• [SUPPLIED RECORDS]
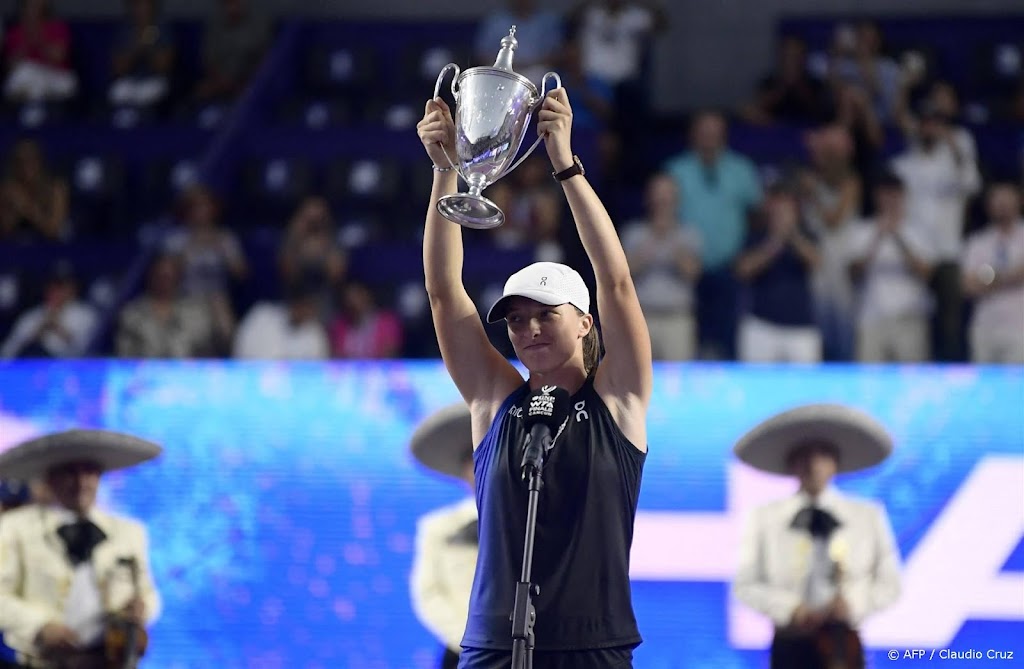 Tennisster Swiatek oppermachtig in eindstrijd WTA Finals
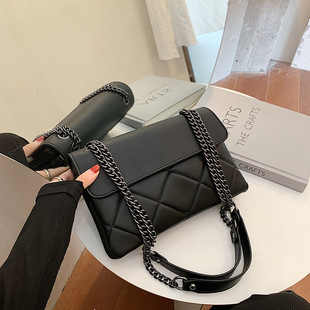 ������Ůʿ�μ��朗lҸ�°����s�ٴ�С����2025�¿�����б���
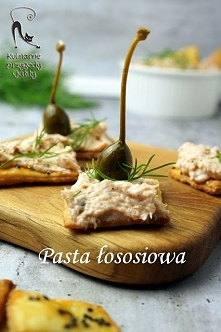 Pasta łososiowa z kaparami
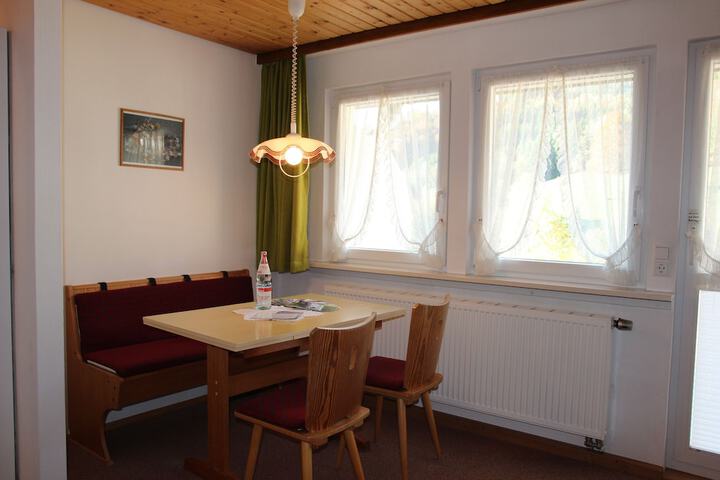 Room 30 of 86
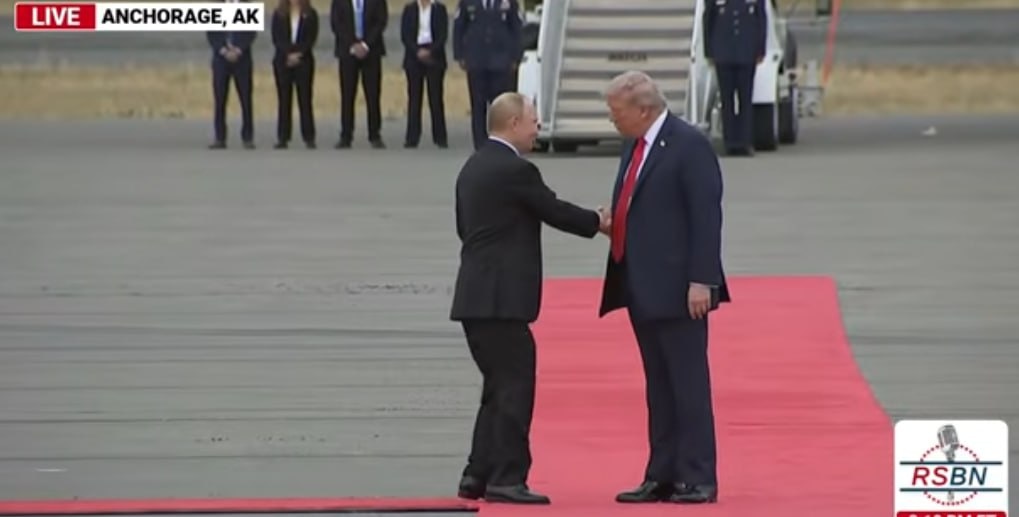 Трамп встретил Путина на красной дорожке в Анкоридже: формат переговоров изменён, лидеры сели в один автомобиль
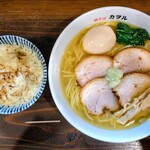 鶏そば カヲル - 料理写真:鶏そば塩全部のせの大盛り、チーズご飯のチーズ増し増し(1.5倍)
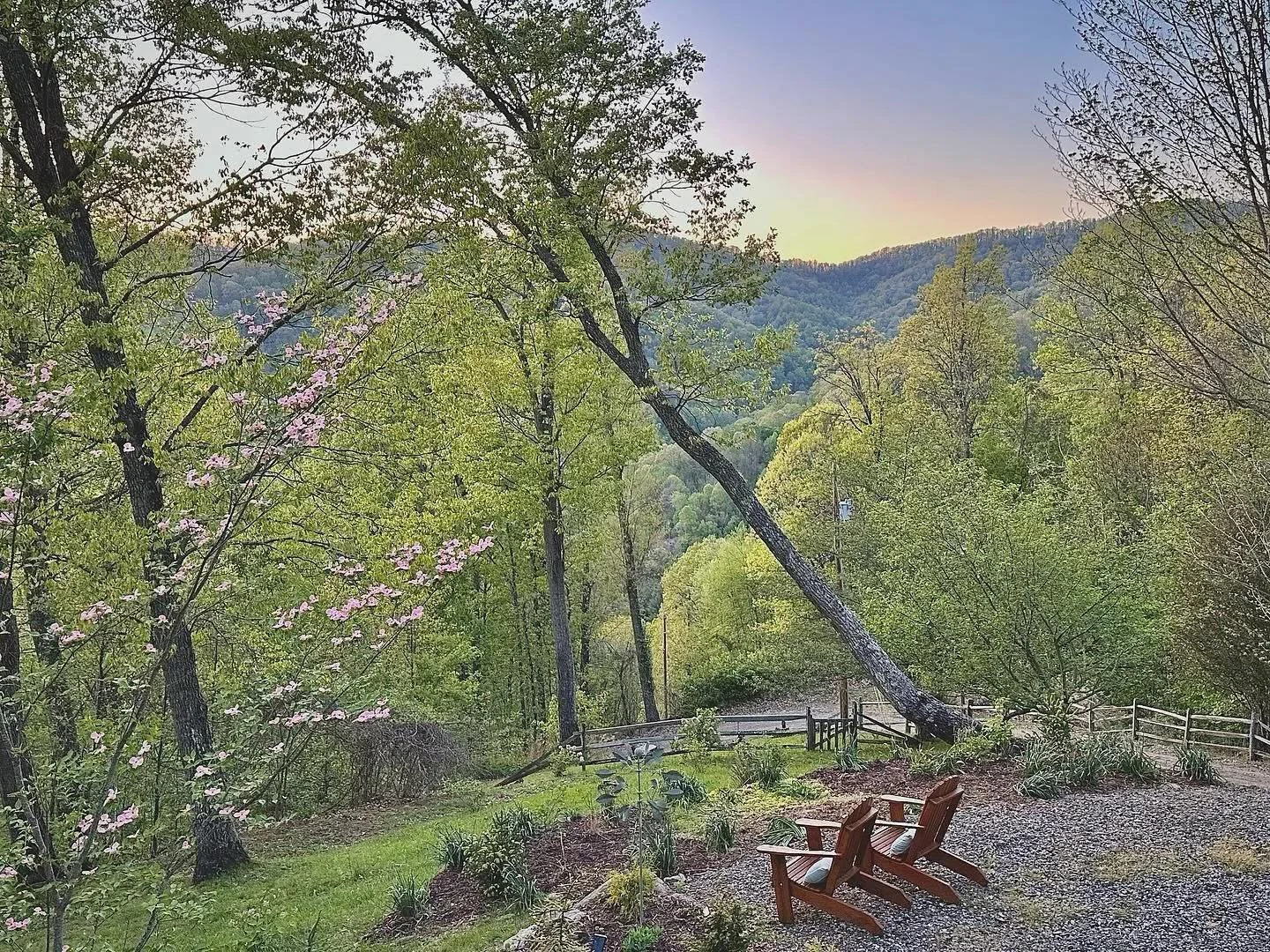 Availability alerts! 

Treat mom to a mountaintop getaway May 8-11💐

Memorial Day Weekend 🇺🇸 May 24-5

May 29-31 ☀️

#Mountains #mountainview #mountain #getaway #vacation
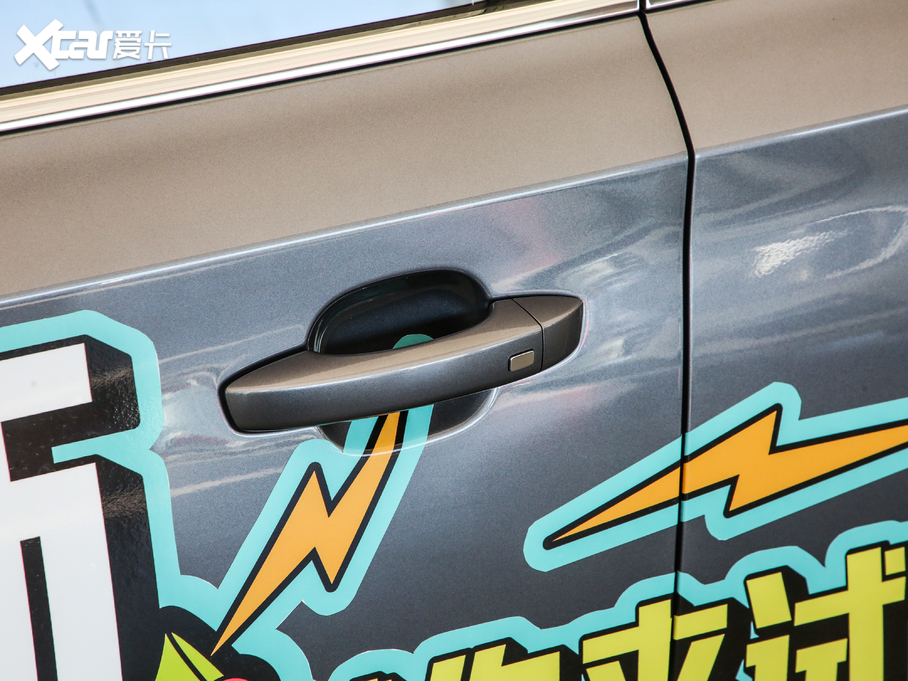 2020si6 MAX 300TGI Ԅ(dng)ˬ{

• [PROBLEM DESCRIPTION]
Could you output all of the records exactly, without their pictures?

• [OUTPUT FOR THIS EXERCISE]
 Tennisster Swiatek oppermachtig in eindstrijd WTA Finals
 ������Ůʿ�μ��朗lҸ�°����s�ٴ�С����2025�¿�����б���
 Pasta łososiowa z kaparami
 Room 30 of 86
 Трамп встретил Путина на красной дорожке в Анкоридже: формат переговоров изменён, лидеры сели в один автомобиль
 鶏そば カヲル - 料理写真:鶏そば塩全部のせの大盛り、チーズご飯のチーズ増し増し(1.5倍)
 Availability alerts! 

Treat mom to a mountaintop getaway May 8-11💐

Memorial Day Weekend 🇺🇸 May 24-5

May 29-31 ☀️

#Mountains #mountainview #mountain #getaway #vacation
 2020si6 MAX 300TGI Ԅ(dng)ˬ{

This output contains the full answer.